9 files changed, 107 insertions, 5 deletions
diff --git a/definitions.tex b/definitions.tex
index 139a6db..378781d 100644
--- a/definitions.tex
+++ b/definitions.tex
@@ -1,9 +1,12 @@
+\newcommand{\mutual}{\ensuremath{{I}}}
+\newcommand{\entropy}{\ensuremath{{H}}}
 \newtheorem{lemma}{Lemma}
 \newtheorem{fact}{Fact}
 \newtheorem{example}{Example}
 \newtheorem{prop}{Proposition}
 \newtheorem{theorem}{Theorem}
-\newcommand*{\defeq}{\stackrel{\text{def}}{=}}
+%\newcommand*{\defeq}{\stackrel{\text{def}}{=}}
+\newcommand*{\defeq}{\equiv}
 \newcommand{\var}{\mathop{\mathrm{Var}}}
 \newcommand{\condexp}[2]{\mathop{\mathbb{E}}\left[#1|#2\right]}
 \newcommand{\expt}[1]{\mathop{\mathbb{E}}\left[#1\right]}
diff --git a/paper.tex b/paper.tex
index 4577bfa..46ad60a 100644
--- a/paper.tex
+++ b/paper.tex
@@ -4,7 +4,7 @@
 \usepackage{algorithm}
 \usepackage{algpseudocode,bbm,color,verbatim}
 \input{definitions}
-\title{Budgeted Auctions for Experiment Design}
+\title{Budgeted Auctions for Experimental Design}
 \begin{document}
 
 \maketitle
@@ -16,7 +16,7 @@
 \input{problem}
 \section{Main result}
 \input{main}
-\section{General setup}
+\section{Extension to Other Problems}
 \input{general}
 \section{Conclusion}
 \input{conclusion}
diff --git a/papers/chaloner.pdf b/papers/chaloner.pdf
new file mode 100644
index 0000000..184eb39
--- /dev/null
+++ b/papers/chaloner.pdf
diff --git a/papers/experimental_design/degroot1.pdf b/papers/experimental_design/degroot1.pdf
new file mode 100644
index 0000000..efe4131
--- /dev/null
+++ b/papers/experimental_design/degroot1.pdf
diff --git a/papers/experimental_design/ginebra.pdf b/papers/experimental_design/ginebra.pdf
new file mode 100644
index 0000000..d1010d5
--- /dev/null
+++ b/papers/experimental_design/ginebra.pdf
diff --git a/papers/experimental_design/kiefer.pdf b/papers/experimental_design/kiefer.pdf
new file mode 100644
index 0000000..c1e9423
--- /dev/null
+++ b/papers/experimental_design/kiefer.pdf
diff --git a/papers/experimental_design/lindley.pdf b/papers/experimental_design/lindley.pdf
new file mode 100644
index 0000000..dd73e3d
--- /dev/null
+++ b/papers/experimental_design/lindley.pdf
diff --git a/papers/experimental_design/max-ent00.pdf b/papers/experimental_design/max-ent00.pdf
new file mode 100644
index 0000000..410626e
--- /dev/null
+++ b/papers/experimental_design/max-ent00.pdf
diff --git a/problem.tex b/problem.tex
index e25e5c3..3faef3b 100644
--- a/problem.tex
+++ b/problem.tex
@@ -1,6 +1,106 @@
+\subsection{Experimental Design}
+In the context of experimental design, an \emph{experiment} is a random variable $E$ sampled from a distribution $P_\beta$, where $\beta\in \Omega$ is an unknown parameter. An experimenter wishes to learn parameter $\beta$, and can chose among a set of possible different experiments, all of which have distributions parametrized by the same $\beta$. 
+
+The problem of optimal experimental design amounts to determining an experiment that maximizes the information revealed about parameter $\beta$. 
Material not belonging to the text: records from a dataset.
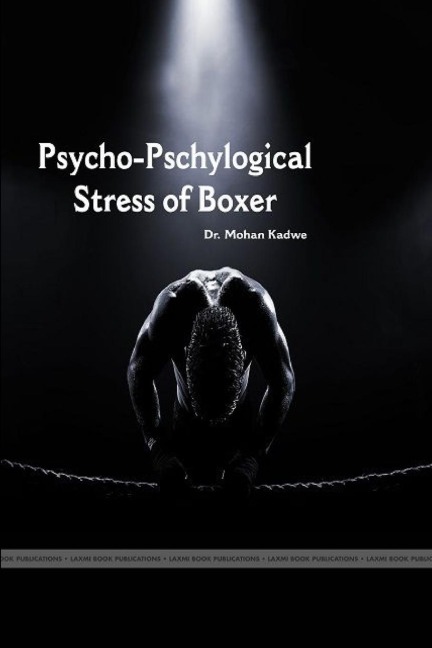 PSYCHO- PHYSIOLOGICAL STRESS OF BOXER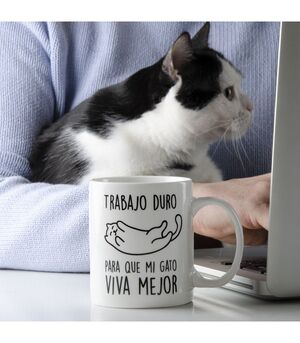 TAZA TRABAJO DURO PARA QUE MI GATO VIVA MEJOR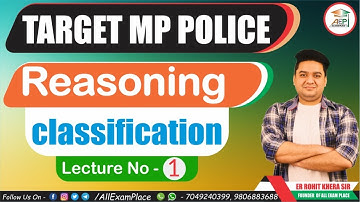 MP POLICE 2020 | Reasoning:  Classification | वर्गीकरण | Lecture - 1 | By Rohit Khera Sir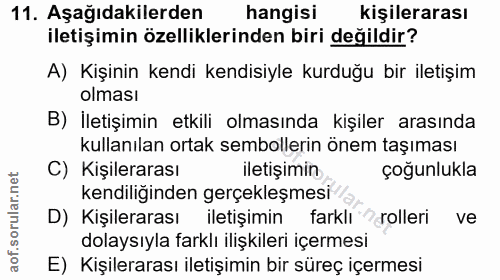 11. soru: Aşağıdakilerden hangisi kişilerarası iletişimin özelliklerinden biri değildir? A) Kişinin kendi kendisiyle kurduğu bi…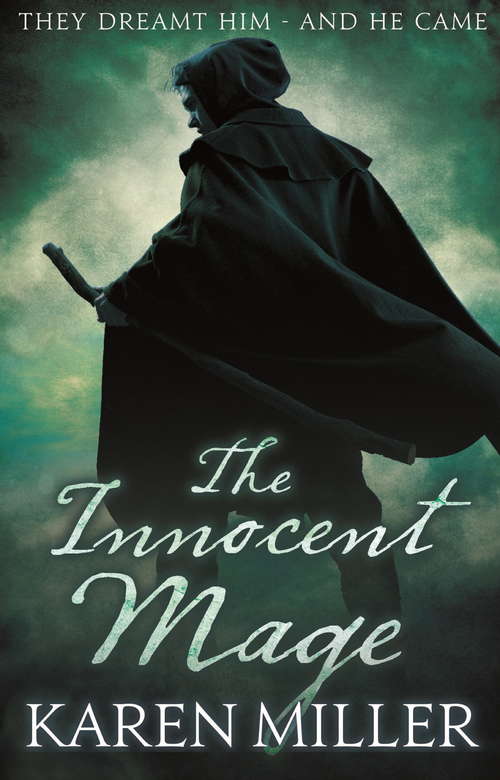 The Innocent Mage: Kingmaker, Kingbreaker: Book 1 (Kingmaker, Kingbreaker #1)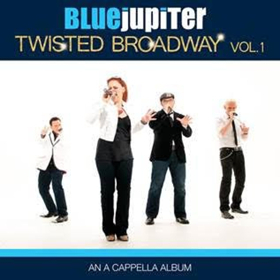 Broadway Records Announces BLUE JUPITER: TWISTED BROADWAY, VOLUME 1 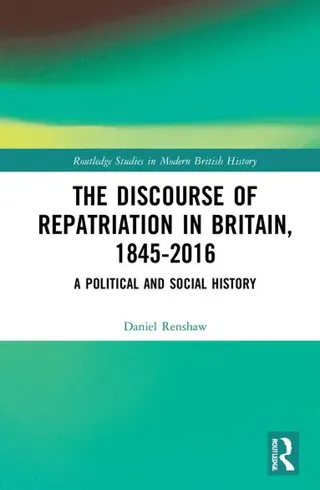 Discourse of Repatriation in Britain, 1845-2016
+Though a variety of different measures of information exist in literature (see, \emph{e.g.}, \cite{ginebra}), the so-called \emph{value of information} \cite{lindley} is commonly used in traditional Bayesian experimental design  \cite{lindley}. In particular, in the Bayesian setup, it is assumed that $\beta$ is sampled from a well-known prior distribution. The value of an experiment $E$ is then defined as the expected change in the entropy of $\beta$ (\emph{i.e.}, the mutual information between $E$ an $\beta$), given by
+\begin{align}
+ \mutual(\beta; E) =  \entropy(\beta) - \entropy(\beta \mid E).\label{voi}
+\end{align} 
+%where $H(\beta)$ is the entropy of the prior distribution and $\entropy(\beta \mid E)$ is the conditional entropy con
+\subsection{Linear Regression}
+In this paper, we focus on \emph{linear regression} experiments, aiming to discover a linear function from user data. In particular, we consider a set of $n$ users $\mathcal{N} = \{1,\ldots, n\}$. Each user
+$i\in\mathcal{N}$ has a public vector of features $x_i\in\reals^d$, $\norm{x_i}_2\leq 1$, and an
+undisclosed piece of information $y_i\in\reals$.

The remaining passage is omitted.